Acceptances to the Home-coming kept flowing in like mad – all the folks we’d most wanted to come was a-coming, them and their families. I begun to get warm all through me, and to go round singing, and to wake up feeling something grand was going to happen and, when I was busy, to know there was something nice, just over the edge of my job, sitting there rosy, waiting to be thought about. It worked on us all that way. It was a good deal like being in love. I donno but it was being in love. In love with folks.
The afternoon before the Home-coming was to begin, there was to be a rehearsal of the Children’s Drill, that Mis’ Sykes had charge of for the opening night. We were all on the Market Square, working like beavers and like trojums, or whatever them other busy animals are, getting the booths set up. All the new things that the town had got and done in the last fifty years was represented, each in a booth, all round the Square… And in the middle of the Square stood the great big Cedar-of-Lebanon tree that we’d used last Christmas for the first annual Friendship Village outdoors Christmas tree. I wondered how anybody could ever have said that it was in the way! It stood there, all still, and looking like it knew us far, far better than we knew it – the way a tree does. With the wind blowing through it gentle, it made a wonderful nice center-piece, I thought.

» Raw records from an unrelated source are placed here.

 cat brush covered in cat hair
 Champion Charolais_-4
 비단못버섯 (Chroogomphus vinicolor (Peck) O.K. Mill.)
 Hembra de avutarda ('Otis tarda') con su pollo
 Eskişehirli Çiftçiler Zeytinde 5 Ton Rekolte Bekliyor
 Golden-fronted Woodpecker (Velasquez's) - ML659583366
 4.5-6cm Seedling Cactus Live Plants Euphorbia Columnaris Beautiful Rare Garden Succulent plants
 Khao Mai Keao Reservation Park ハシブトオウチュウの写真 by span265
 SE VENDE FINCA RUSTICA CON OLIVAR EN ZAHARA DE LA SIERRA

We’d just got to tacking on to Eppleby Holcomb’s red Department Emporium booth when we heard a shout, and there, racing along the street, come the forty-fifty children that was going to be in the Children’s Drill. They all come pounding and scampering over to where we were, each with a little paper stick in their hand for the wand part, and they swarmed up to Mis’ Sykes that was showing ’em how, and they shouted:
“Mis’ Sykes! Mis’ Sykes! Can’t we rehearse now?” – for “rehearse” seems to be a word that children just loves by natural instinct same as “cave” and “den” and “secret stairway.”
I looked down in the faces all pink and eager and happy – I knew most of ’em by name. I’d be ashamed to live in a town where I didn’t know anyway fifty-sixty children by name, keeping up as fast as necessary. And with ’em I see was Lisbeth’s little boy, waving a stick of kindling for his wand, happy as a clam, but not a mum clam at all.
“Hello, Chris!” I says. “I didn’t know you could drill.”